Gaza, Ukraine, Border: Biden Touts Leadership With Big Plans
Joe Biden is looking to convince voters of his leadership credentials with a striking flurry of major announcements on Gaza, Ukraine and the Mexican border, analysts say.
In the space of just six days, the 81-year-old US president unveiled bold proposals to tackle arguably the three biggest policy challenges facing the White House ahead of November's election.
Experts say that behind the rush is both a desire to bring order to a set of crises that have bedeviled the past year of his presidency -- and to show that he is better placed to do so than his election rival, former president Donald Trump.
"Part of what you're seeing is -- there's stuff to do, so the president of the United States is doing it," Peter Loge, a media and public affairs professor at George Washington University, told AFP.
"The other part is from a campaign perspective, because everything is viewed through a campaign lens. It's not enough to do a good job, you have to be seen doing a good job."
The veteran Democrat's triple whammy began a week ago on May 30 when he partially lifted his ban on Ukraine using US-supplied weapons against targets in Russian territory.

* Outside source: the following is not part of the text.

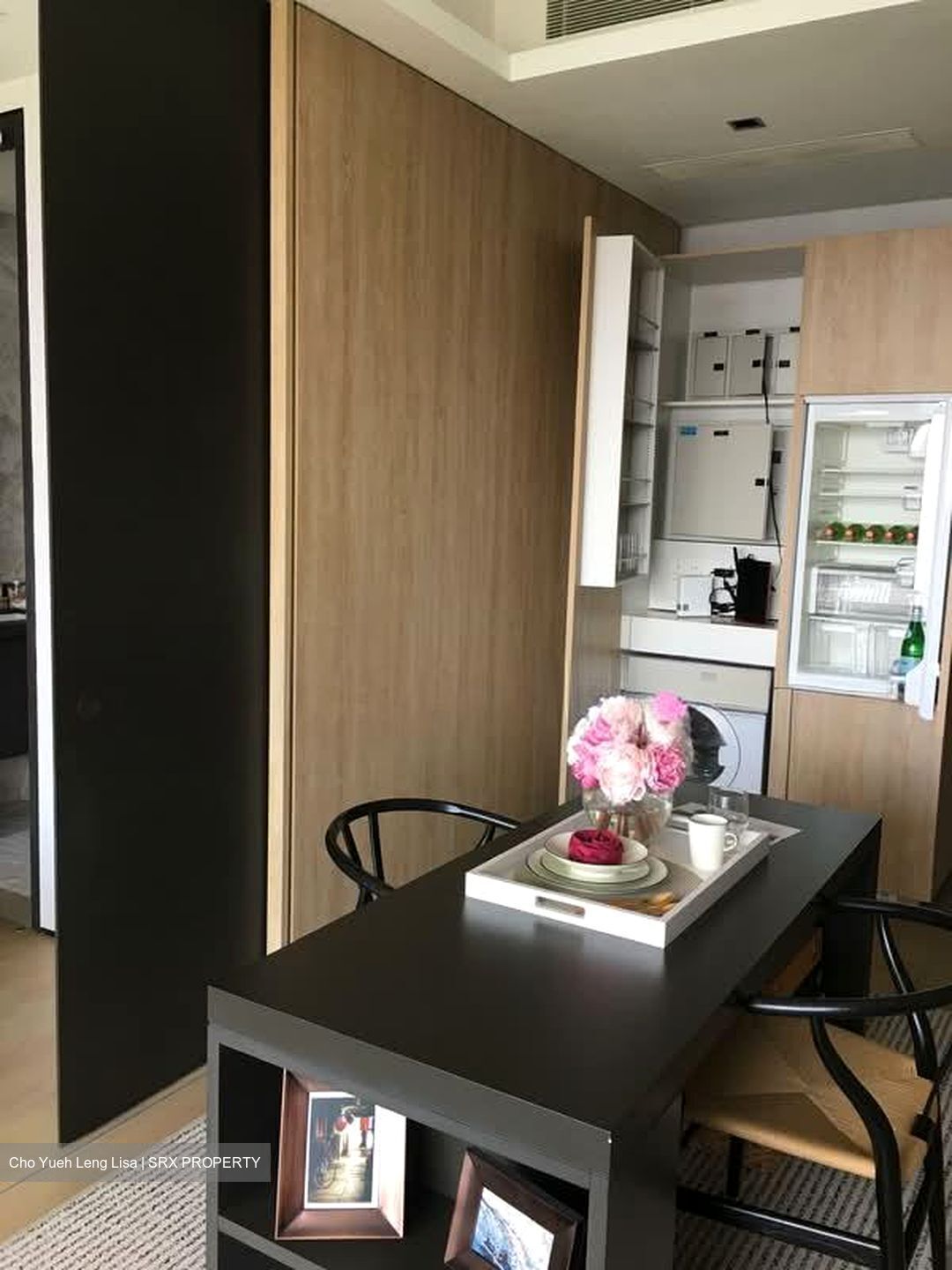 OUE Twin Peaks (D9), Condominium #566418351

It was a sea change for a president who has long worried that the war could trigger a nuclear conflict.
Biden believed there was no choice but to help Ukraine fight a new Russian offensive -- one that came as Moscow took advantage of a lull in US aid while Republicans blocked fresh supplies.

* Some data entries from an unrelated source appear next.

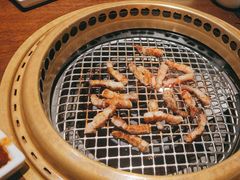 -御牛道日式烤肉料理(杭州万象城店)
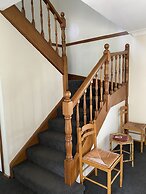 Hunter Homestead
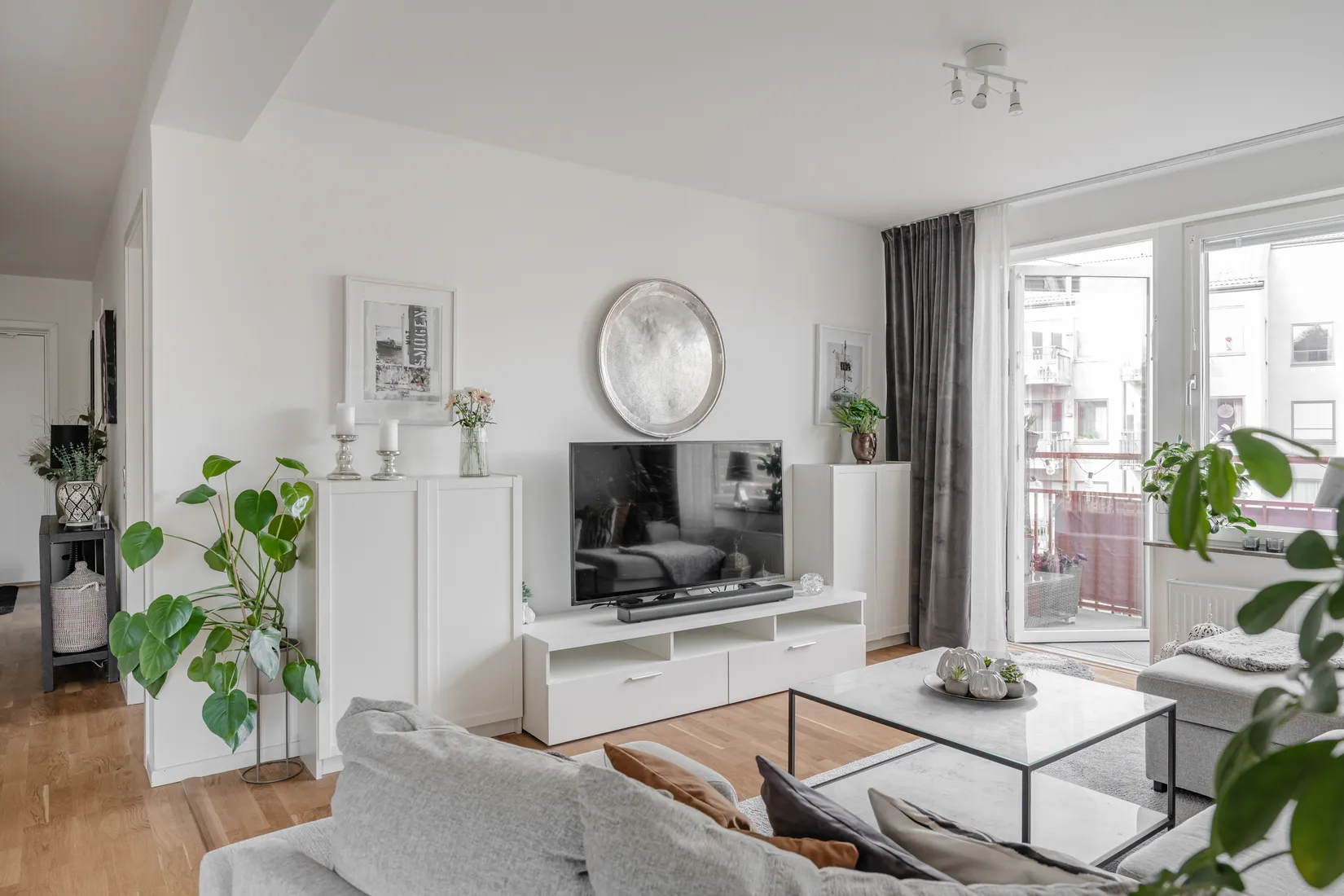 Bostadsrätt, Åby allé 3, Åby Ängar, Vallentuna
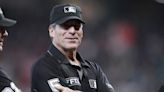 Baseball's Most Controversial Ump Is Out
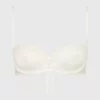 Calvin Klein Soutien-gorge Balconnet En Dentelle 1 Calvin Klein Soutien-gorge Balconnet En Dentelle -Pas Cher Calvin Klein Magasin 000QF7161E YAT main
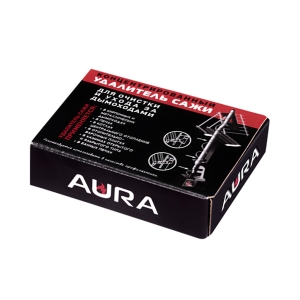 Удалитель сажи AURA (200 г)
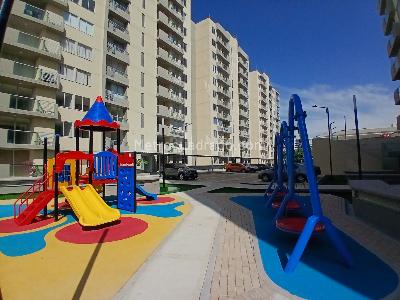 Apartamento de 2 alcobas en venta en Rio Alto, Barranquilla, 77 m² · foto 20 de 20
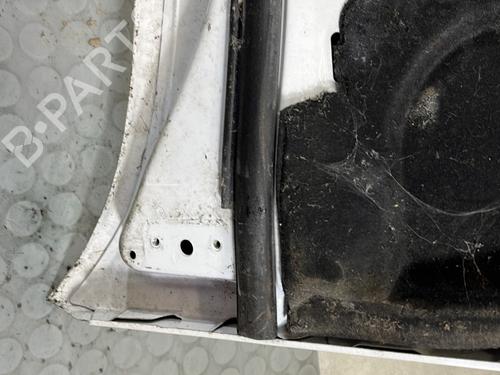 Hood CITROËN SAXO (S0, S1) 1.1 X, SX | BP29413322C1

In an apparent coincidence, the Ukraine decision emerged on the same day as a jury found Trump guilty in his adult film star hush money case, making him the first former US president to be convicted of a criminal offense.
The very next day, Biden made the surprise announcement that Israel had offered a new peace roadmap for Gaza after nearly eight months of devastating conflict.

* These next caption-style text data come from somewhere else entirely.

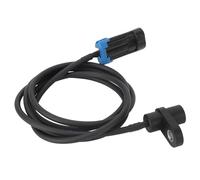 Kelawoly Brake Wheel Speed Sensor, ABS Sensor, Real Time Monitoring Technology, Precise Adjustment for Indian Chief Dark Horse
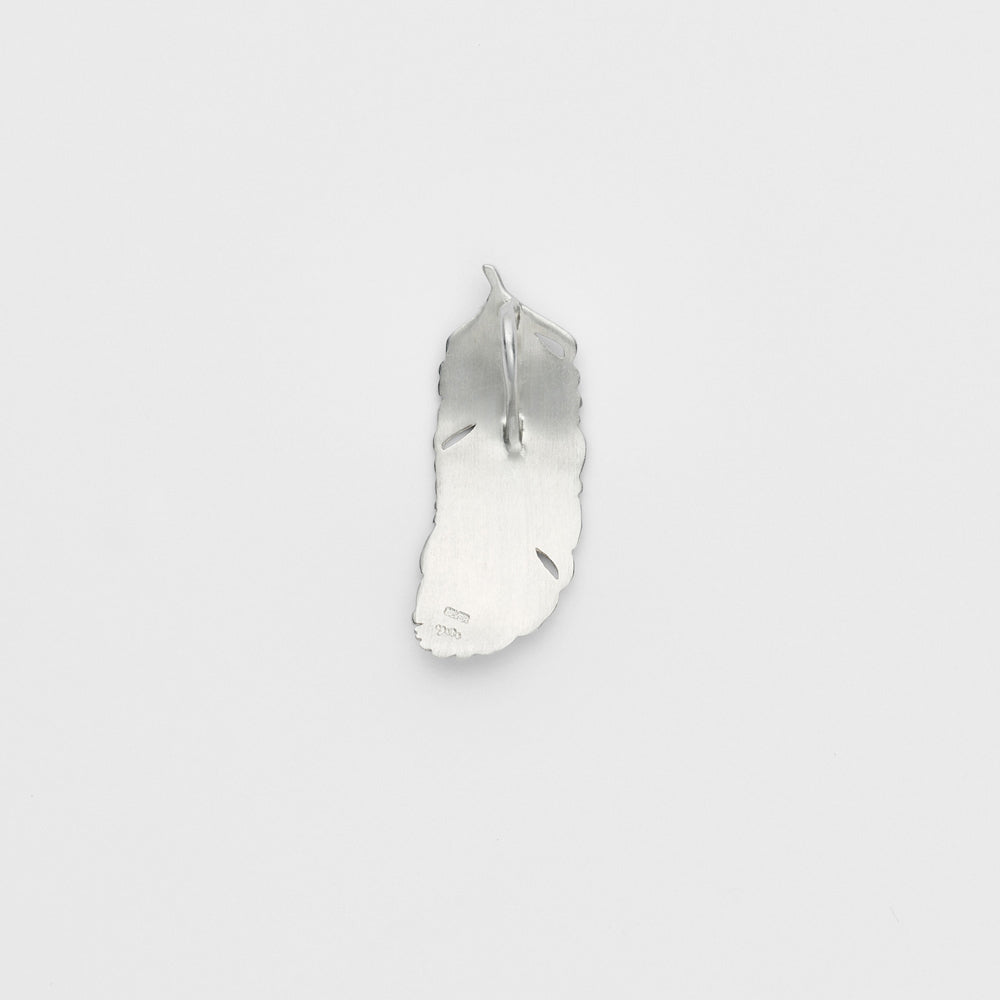 Silver Charm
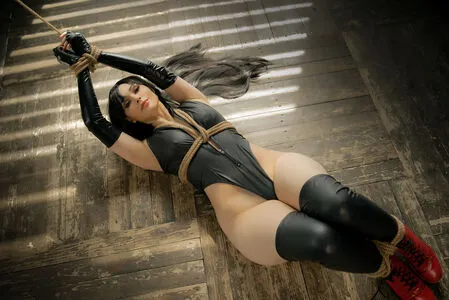 Juk Cosplay OnlyFans Leaked Free Thumbnail Picture - #dnWKOndovB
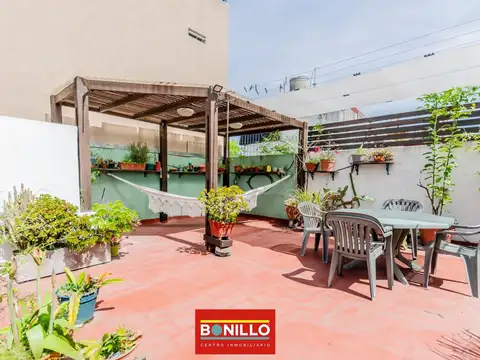 PH 2 ambientes venta Villa Pueyrredón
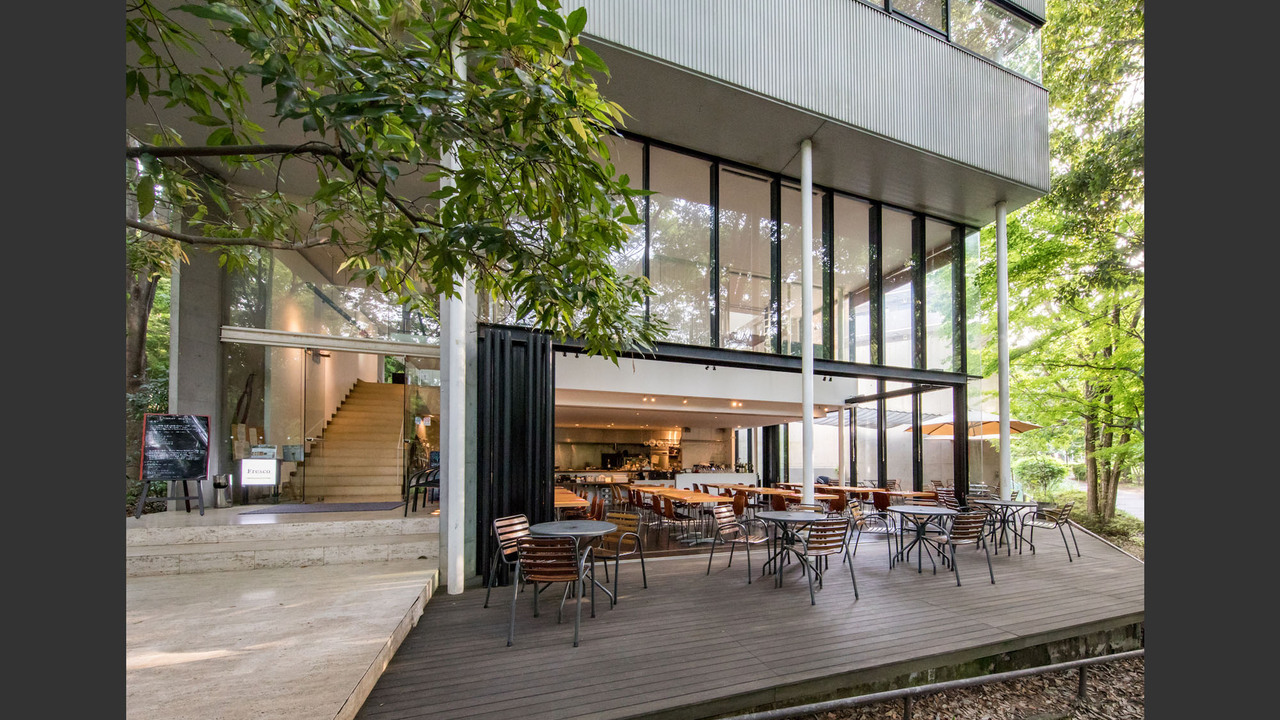 Osteria Uraraの事業内容の写真3枚目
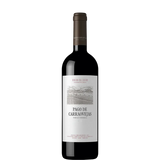 Bouteille Pago de Carraovejas 2023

That too comes at a critical time. The White House is desperate for a solution to the situation in Gaza, not just because of the horror of the conflict but also because of the protests Biden has faced over his support for Israel.
Finally on Tuesday it was the issue that polls show is one of the biggest threats to Biden electorally -- the US-Mexico border.
He gave another speech at the White House announcing that he was shutting the border to asylum seekers, due to a surge in the number of people crossing illegally.
That announcement came hours before Biden flew to France for high-profile ceremonies for the 80th anniversary of the World War II D-Day landings, where he will stress American leadership and again contrast himself with Trump.
The White House said Biden's "sense of energy" was in response to the multiple foreign policy challenges the world faces.
"What you're seeing is the president moving out with an appropriate sense of urgency on some of the key foreign policy issues of the day," National Security Council spokesman John Kirby said.
Yet there is also a clear sense of Biden trying to show that he can draw a line under three issues that have dogged the past year of his presidency.
Ukraine, Israel and the border have been a single, giant political headache ever since he lumped them together in one funding bill last October that Republicans spent six months blocking.
Meanwhile on a personal level, America's oldest president is seeking to prove wrong the doubters that he is too old to beat Trump.
"This is absolutely a way for Joe Biden to demonstrate that he's the president of the United States, acting decisively and clearly on important global issues -- while Donald Trump is trying to talk his way out of jail," said Loge.
His burst of activity is already being used as evidence to counter a story in the Wall Street Journal on Tuesday that said Biden shows "signs of slipping".
"Think about the last week, Joe Biden has come forward with three major new policies," Richard Haass, an American diplomat who heads the Council on Foreign Relations, told MSNBC.
"You may like the policies, you may not -- but this is clearly a president who is driving an agenda."